The attorney-client relationship is a special type of contract. Because of the fiduciary relationship between the lawyer and her client, the contract is not an ordinary one. The lawyer, who becomes the agent of the client, has special responsibilities that are not imposed on the client. Restatement of the Law Governing Lawyers Third, § § 14-19(Official Draft 2000).
The Restatement notes that there are three basic ways that the attorney-client relationship may commence. First, the prospective client manifests to the lawyer the intent to retain the lawyer, who agrees to the proposal. Restatement of the Law Governing Lawyers, Third, §14(1)(a) (Official Draft 2000).
Second, the prospective client manifests to the lawyer the intent to retain the lawyer and the lawyer fails to manifest a lack of intent to be so retained under circumstances where it would be reasonable to do so.
For example, assume that the prospective client fears that his driver’s license may be revoked. This person calls the lawyer’s office and asks the lawyer to represent him in the revocation proceeding in 10 days. The prospective client knows that the lawyer often handles these types of cases. The lawyer’s secretary tells him to mail the relevant papers concerning his case, and he does so. The secretary does not mention that the lawyer will not decide to take the case until later. The lawyer does not communicate to the prospective client until the day before the hearing, when he says that he will not take the case. The prospective client detrimentally relied on the lawyer by not seeking another lawyer when it would have been a lot easier to do so. In these circumstances,it would be reasonable for the trier of fact to conclude that there was an attorney-client relationship because the lawyer did not manifest a lack of intent to be hired by the client.Restatement of the Law Governing Lawyers Third, § 14(1)(b) (Official Draft 2000), and Id. At Comment e, Illustration 2.
In order for an attorney-client relationship to be formed, it is not necessary that the client pay or agree to pay any money. Rule 6.1(a).Restatement of the Law Governing Lawyers, Third, § 14 (Official Draft 2000), at Comment c. Noris it necessary that the client sign a written agreement. Restatement of the Law Governing Lawyers Third, § 14 (Official Draft 2000), at Comment c, p. 127. Other rules governing lawyers may require that there be a written fee agreement, but those rules are for the protection of the client, not the lawyer. The obligations of the lawyer and client are not symmetrical because the lawyer has fiduciary duties to the client.
In Gentile v. State Bar of Nevada, 1030, 111 S.Ct. 2720, 115 LEd. 888(1991), the court wrote:
“An attorney’s duties do not begin inside the courtroom door. He or she cannot ignore the practical implications of a legal proceeding for the client. Just as an attorney may recommend a plea bargain or civil settlement to avoid the adverse consequences of a possible loss after trial, so too an attorney may take reasonable steps to defend a client’s reputation and reduce the adverse consequences of indictment, especially in the face of a prosecution deemed unjust or commenced with improper motives.
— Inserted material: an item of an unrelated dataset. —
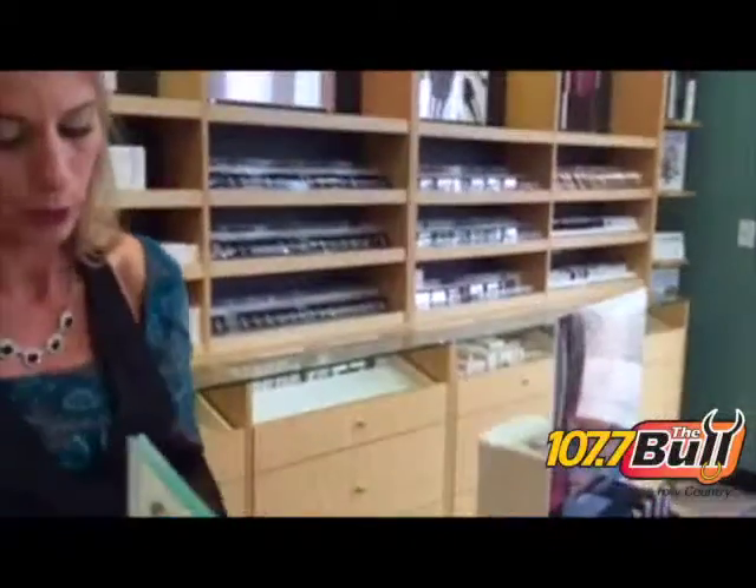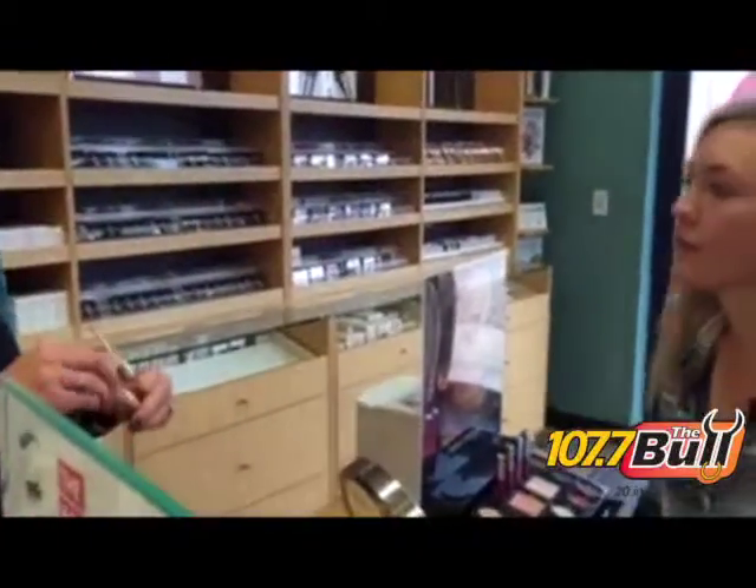Hey, this is Liz from 107.7 The Bull and I'm at Merle Norman for your beauty tip of the week — really highlight that pout. We're going to take this cotton candy lip gloss, which is just a super shimmery, almost a whitish pink.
A defense attorney may pursue lawful strategies to obtain dismissal of an indictment or reduction of charges, including an attempt to demonstrate in the court of public opinion that the client does not deserve to be tried. 501 U.S. at 1044.
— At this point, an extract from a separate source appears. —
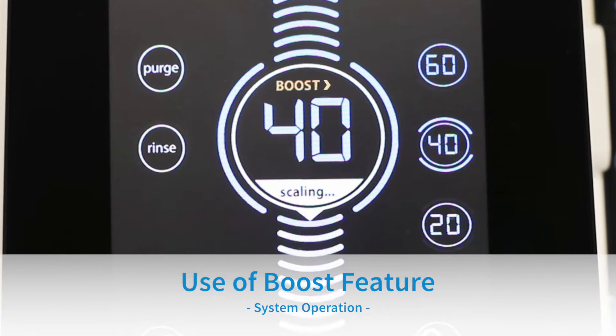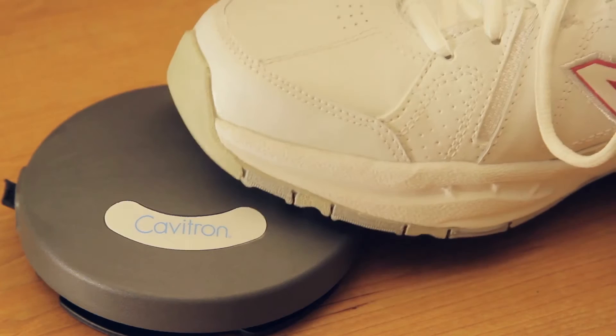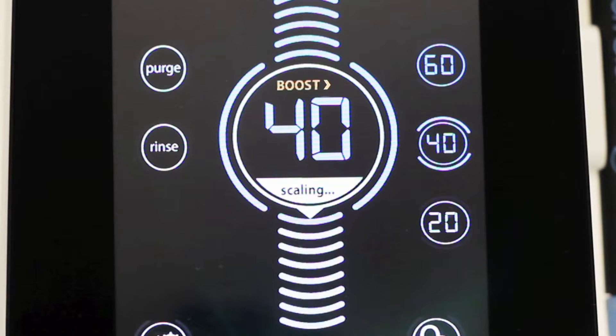Use of boost feature: The boost feature provides a temporary increase in ultrasonic scaling power for quick removal of tenacious calculus without actually touching the unit. Boost is activated by fully depressing the tap-on foot pedal to the second position. When boost is activated, the boost icon will illuminate on the power level bubble. Boost will remain on as long as the clinician has the foot pedal pressed all the way down. To deactivate boost, release the tap-on foot pedal to the first position.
In this case, the Commonwealth believes that Mr. Kerekes divulged confidences and highly privileged information on the assumption Attorney Fannick would represent him. Indeed, in the court of public opinion,Attorney Fannick had, Thereafter, Attorney Faimick abandoned Mr. Kerekes’ ship, laden with the confidences the eight (8) meetings brought him, and joined forces with Harlow Cuadra.
B. An Attorney-Client relationship existed between Attorney Fannick and Joseph Kerekes, therefore the trial court should disqualify Attorney Fannick from Representing Harlow Cuadra.